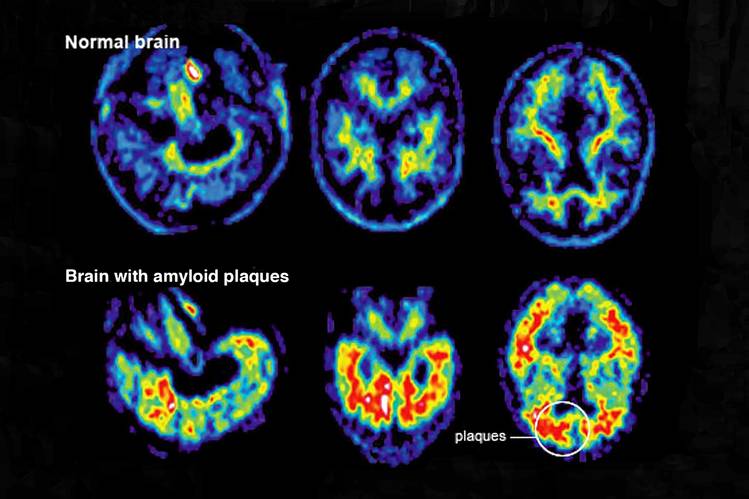 Scans of alzheimers brain compared to normal brain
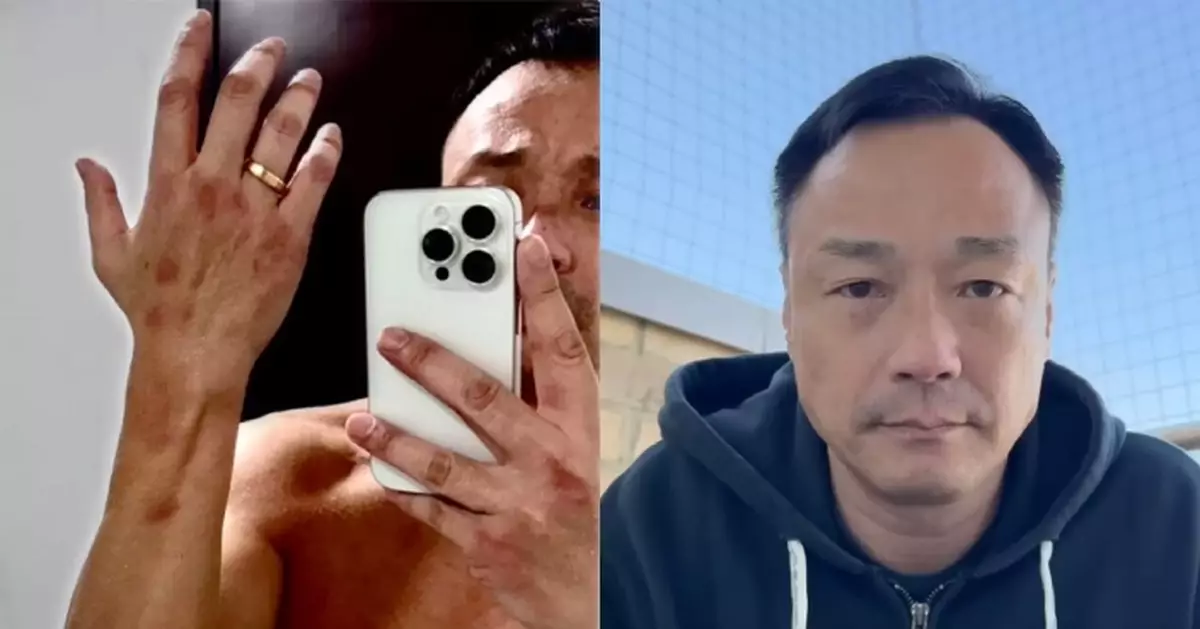 王喜自爆去年於台灣遭兩度迷姦 疑因此患橫紋肌肉溶解致急性腎衰竭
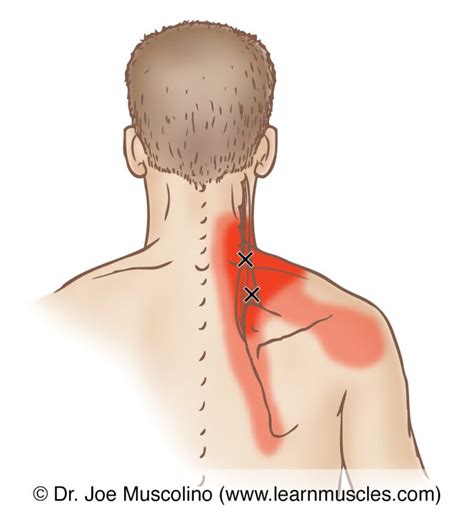 Levator Scapulae Trigger Points Learn Muscles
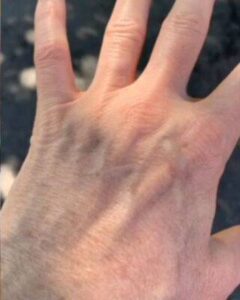 Hand after laser skin treatment, front view — Dr. Rudderman, Atlanta.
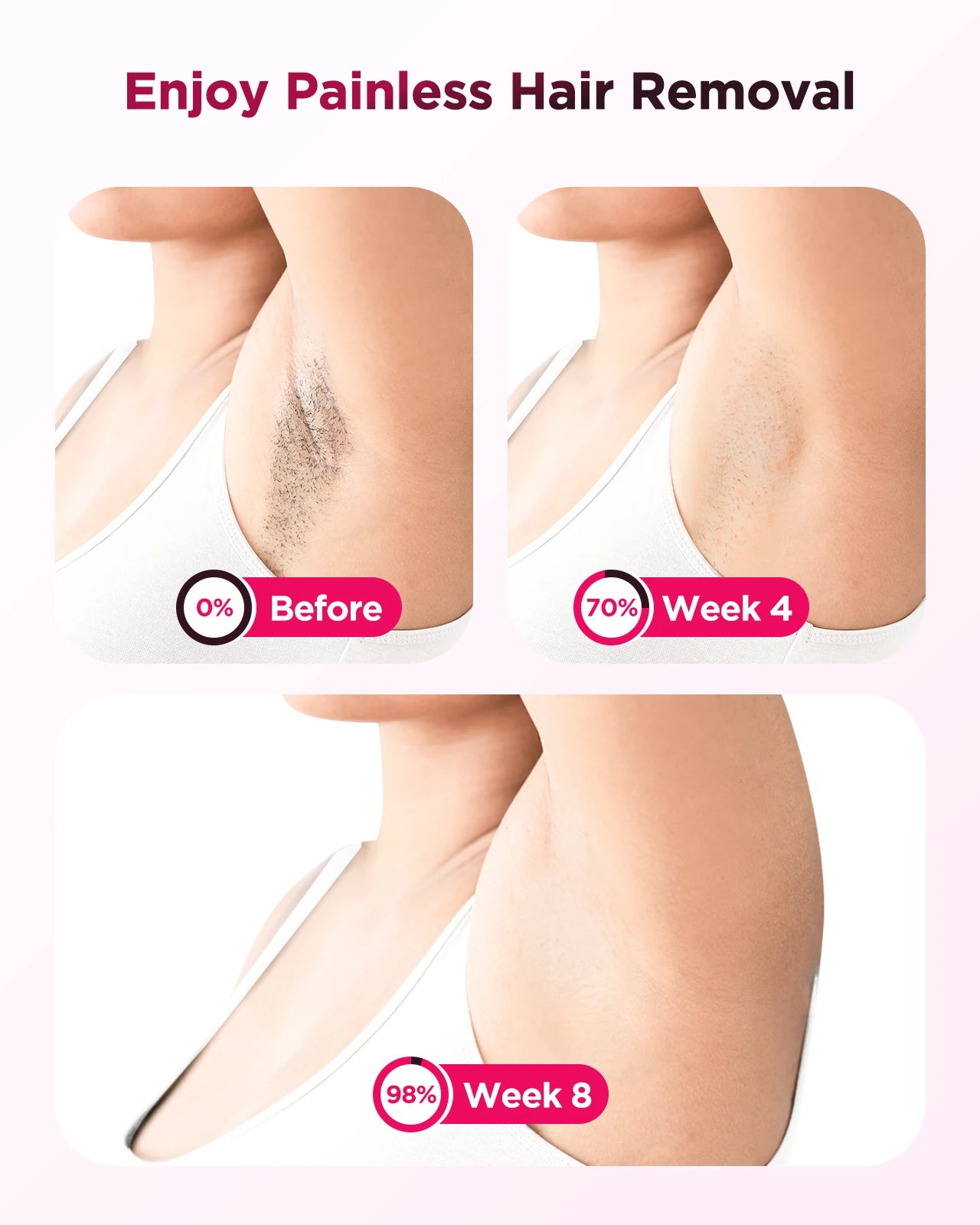 LumenVitta™ Laser Hair Removal at Home Pro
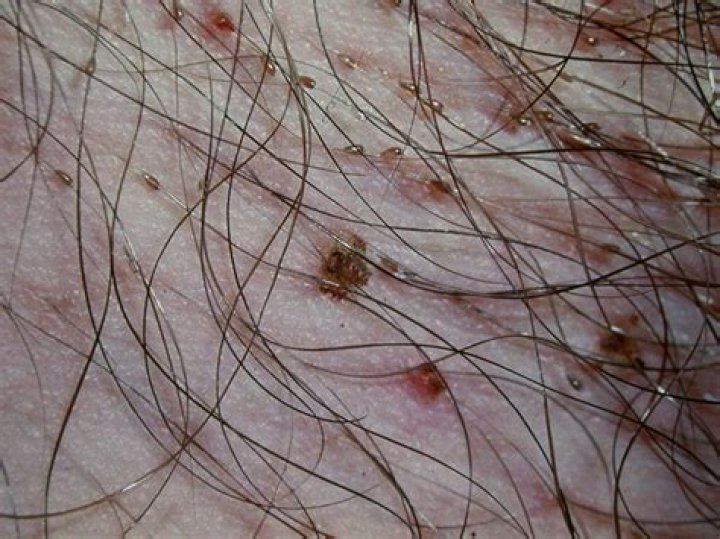 Can head lice live in pubic hair?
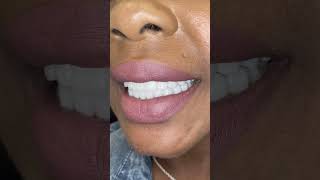 Getting an affordable smile in Miami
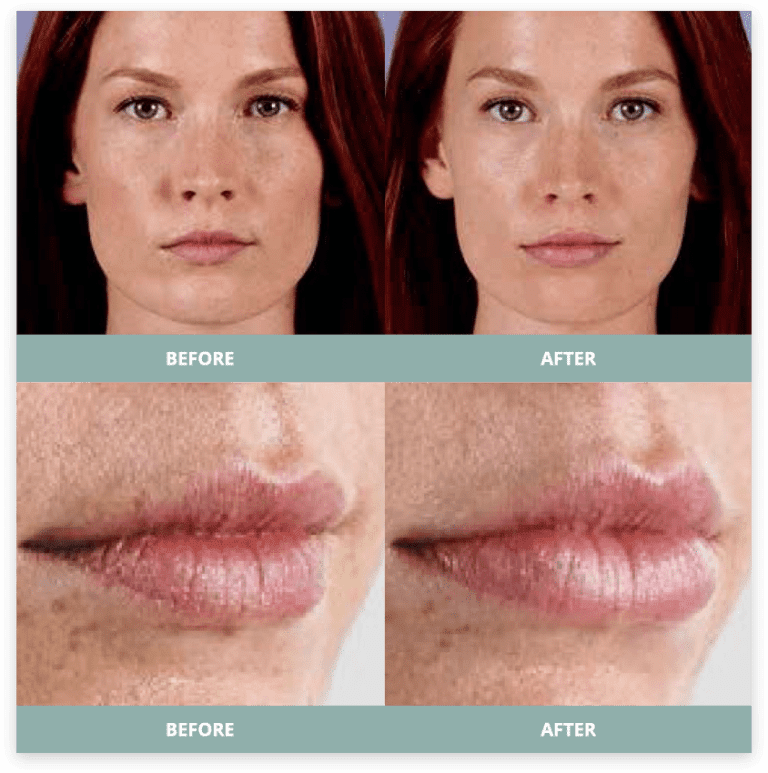 Juvederm in Charlotte, NC Voci Med Spa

_ _ _ _ _ _ _

Pictures excluded, repeat the records exactly from their opening line through the line containing "LumenVitta™ Laser Hair Removal at Home Pro".

 Scans of alzheimers brain compared to normal brain
 王喜自爆去年於台灣遭兩度迷姦 疑因此患橫紋肌肉溶解致急性腎衰竭
 Levator Scapulae Trigger Points Learn Muscles
 Hand after laser skin treatment, front view — Dr. Rudderman, Atlanta.
 LumenVitta™ Laser Hair Removal at Home Pro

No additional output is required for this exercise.